Loading index shards to memory: 100%|██████████| 24/24 [03:26<00:00,  8.59s/shard]


## CIKM pipelines

In [5]:
import pyterrier_colbert.pruning

#CIKM 2021 Approximate Scoring paper: only retrieve 200 candidates for exact re-ranking
ann_pipe = (factory.ann_retrieve_score() % 200) >> factory.index_scorer(query_encoded=True)

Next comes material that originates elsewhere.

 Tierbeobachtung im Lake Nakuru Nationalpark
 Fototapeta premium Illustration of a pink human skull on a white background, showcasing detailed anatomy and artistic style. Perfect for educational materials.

#CIKM 2021 query embeddings paper: only keep the 9 tokens with highest ICF
qep_pipe5 = (factory.query_encoder() 
            >> pyterrier_colbert.pruning.query_embedding_pruning(factory, 5) 
            >> factory.set_retrieve(query_encoded=True)
            >> factory.index_scorer(query_encoded=False)
)
qep_pipe9 = (factory.query_encoder() 
            >> pyterrier_colbert.pruning.query_embedding_pruning(factory, 9) 
            >> factory.set_retrieve(query_encoded=True)
            >> factory.index_scorer(query_encoded=False)
)

# a QEP baseline that suppresses [Q], [CLS]] and [MASK] tokens in the query
nocls_nomask_noQ = (factory.query_encoder() 
            >> pyterrier_colbert.pruning.query_embedding_pruning_special(Q=True, CLS=True, MASK=True)
            >> factory.set_retrieve(query_encoded=True)
            >> factory.index_scorer(query_encoded=False)
)

[Sep 30, 09:10:01] #> Building the emb2tid mapping..
687989391
Computing collection frequencies
Done
Loading doclens


## Experiment on TREC 2019

In [6]:
from pyterrier.measures import *
pt.Experiment(
    [
        e2e,
        ann_pipe,
        nocls_nomask_noQ,
        qep_pipe5,
        qep_pipe9
    ],
    *pt.get_dataset("msmarco_passage").get_topicsqrels("test-2019"),
    eval_metrics=[RR(rel=2)@100, nDCG@10, nDCG@100, AP(rel=2)@100, NumRet, "mrt", "num_q"],
    names=["ColBERT E2E", "Approx", "NoMASK NoCLS NoQ", "QEP 5 embs", "QEP 9 embs"],
)

Unnamed: 0,name,RR(rel=2)@100,nDCG@10,nDCG@100,AP(rel=2)@100,NumRet,num_q,mrt
0,ColBERT E2E,0.852713,0.693407,0.602398,0.386779,309698.0,43.0,671.341082
1,Approx,0.870155,0.684195,0.534308,0.349277,8600.0,43.0,180.961294
2,NoMASK NoCLS NoQ,0.853488,0.693194,0.602279,0.38551,187493.0,43.0,414.449386
3,QEP 5 embs,0.853488,0.695987,0.606343,0.389748,140232.0,43.0,342.59989
4,QEP 9 embs,0.853488,0.693194,0.602088,0.385421,209672.0,43.0,432.3805


Observations:
 - All four approaches result in good effectiveness (e.g. MRR, nDCG@10) while reducing then number of retrieved documents
 - In particular, Approx only retrieved 2% of the documents that E2E does, while enhancing MRR, and very small reduction in nDCG@10 (0.69 -> 0.68).
 - By applying QEP to reduce the 32 query embeddings to just 5 results in no real difference in MRR, NDCG@10, NDCG@10 and even MAP, while reducing by 50% the number of retrieved documents.
 

## Summary

Both papers propose methods to adapt ColBERT's dense retrieval pipeline to be more efficient without markedly reducing effectiveness. Further results and significance tests are provided in the respective papers.